A Greyhound bus traveling south on an interstate connecting states that are fly over tracts––moors and farms––cut apart by rivers that are damned, and locked, when not free flowing. In the bus stale air is humid with breath. Outside the windows are harvested fields. If vestiges of corn stalks stand they are sparse, lone. They are dried and broken and look like an arm sticking up from a shallow grave bent at the elbow pointing back down at scorched earth.

It’s been a few hours from the starting point. Some passengers are moaning under their breath to generate distress amongst the whole as though to be uncomfortable with others is better than to be so, alone. To board a bus for a long journey, comfort should not be sought. Bad feelings and times are the best to consider.

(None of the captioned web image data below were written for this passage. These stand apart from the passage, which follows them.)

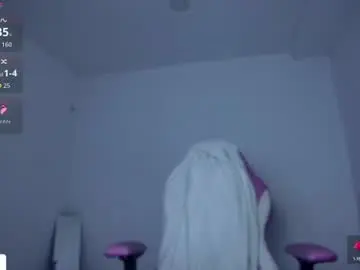 Chaturbate Free Porn Cam of yera_sh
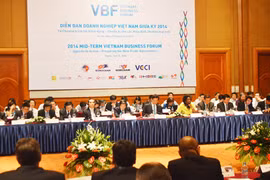 VBF: Sẵn sàng hỗ trợ tăng trưởng kinh tế của Việt Nam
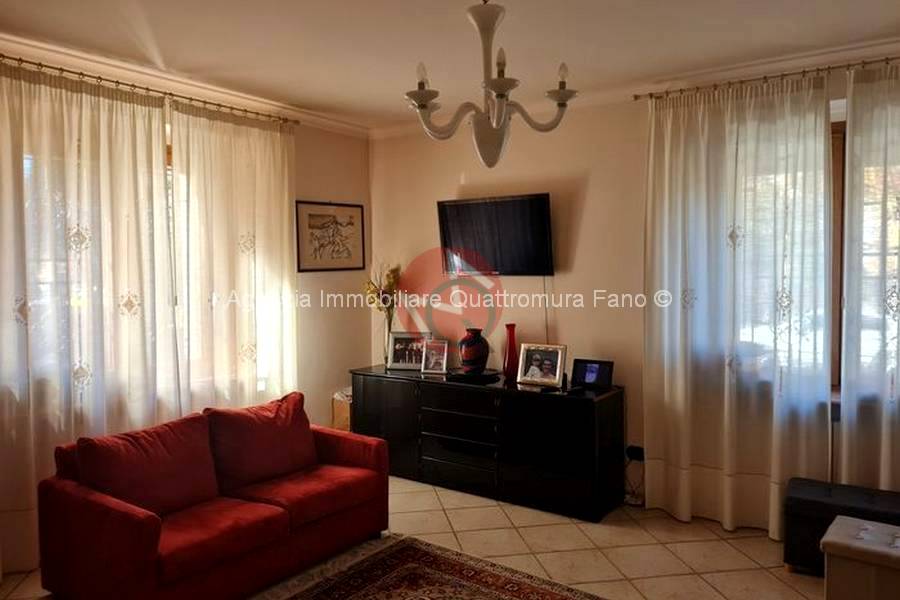 Immagine annuncio immobiliare quattromura fano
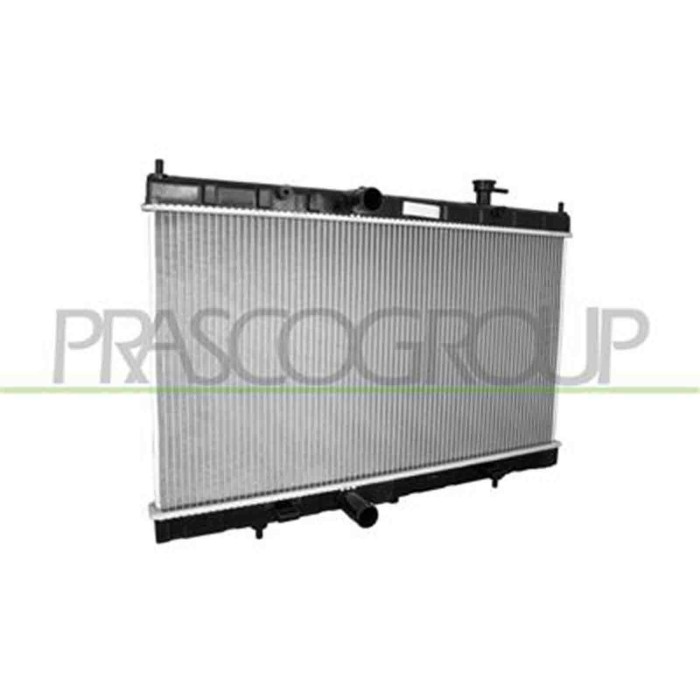 DS836R001_3.JPG Radiatore Per Nissan X-trail Dal 2014 Al 2017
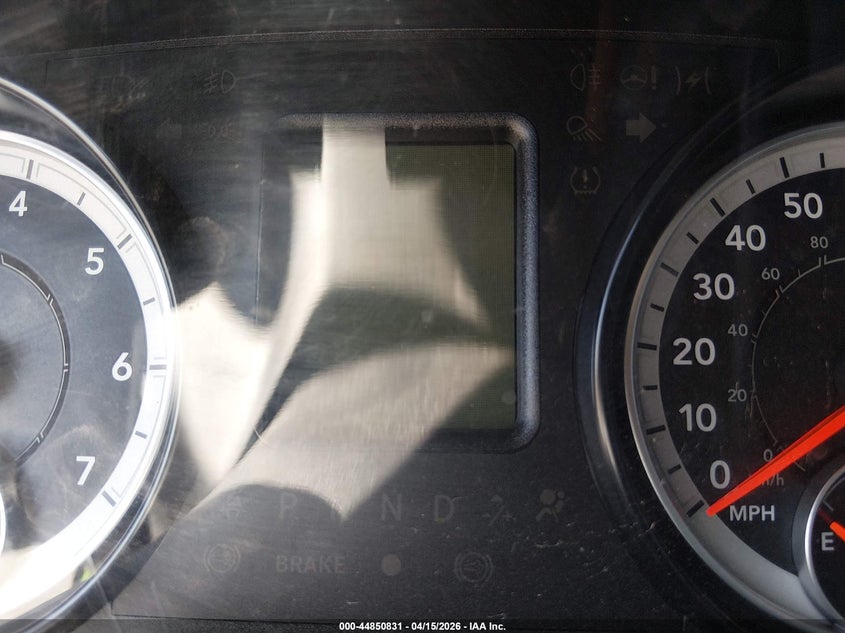 2017 Ram 1500 Big Horn 4X4 5'7 Box VIN: 1C6RR7LG1HS810730 Lot: 44850831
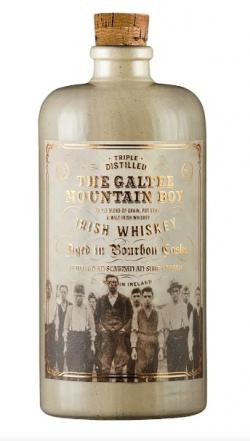 The Galtee Mountain Boy - Irish Whiskey (750ml) (750ml)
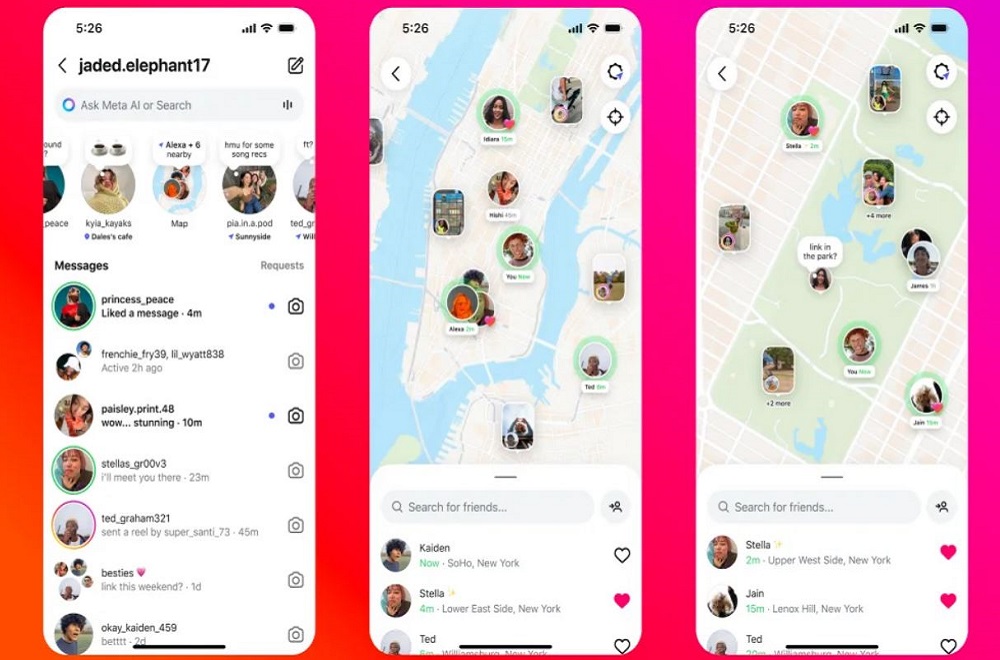 Come usare Instagram Map: attivazione, vantaggi e privacy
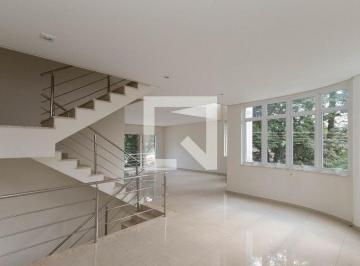 Casa · 500m² · 4 Quartos · 6 Vagas · Casa à Venda - Tremembe, 4 Quartos, 500 m² - São Paulo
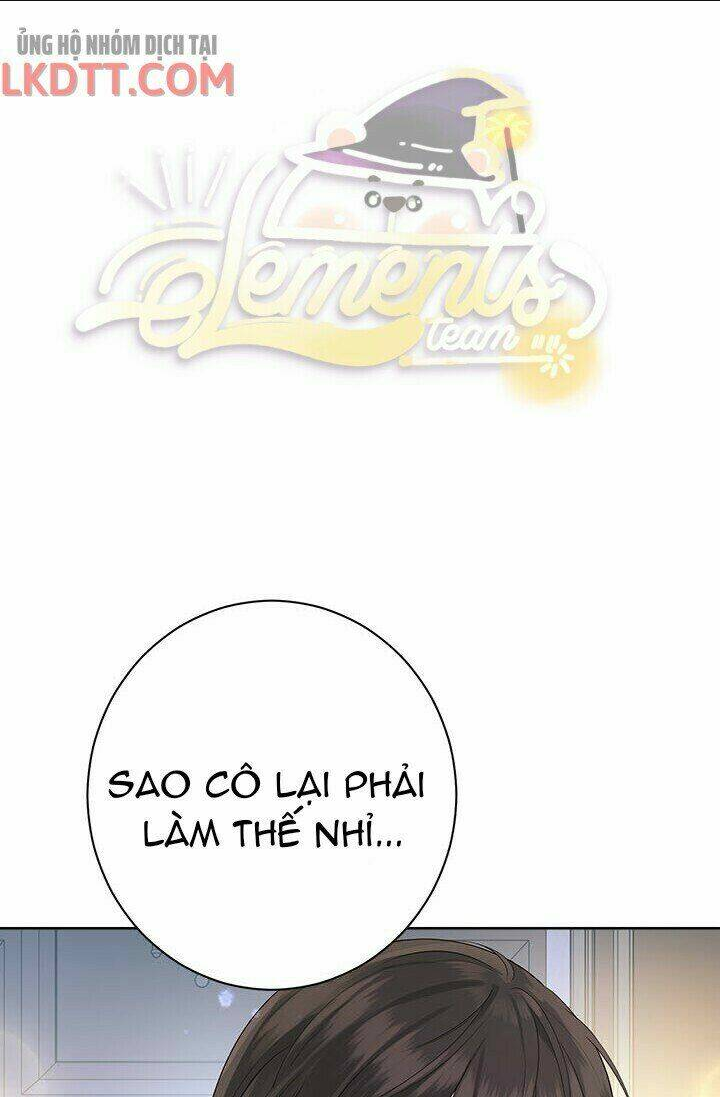 thực ra tôi mới là thật chapter 50 - Trang 1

Pessimism can land you sanguine, in certain light, in a certain way, in a seat on a Greyhound.

The driver has heard kin of every compliant. He’s teary-eyed––a hangover from boredom. He’s missing someone he no longer knows. He can drive, now, always away––both distance and destination not of importance. He will always end up in a prior place.

People talk to him. They tell him things they don’t like. He assures he will pass it on to his superiors. And then he gets back to looking between the lines, to not colliding with vehicles––commerce or leisure (though here it’s often the former).

He knows the signs of a man with too much drink. He coyly notes this as people board the bus. Best to let the passengers be such; best that he himself not incite problems; best create solutions––this he does with silence. As a doctor is, he wants his patients to be patient. He himself must stay calm and mostly quiet and in so doing hopes others will too be.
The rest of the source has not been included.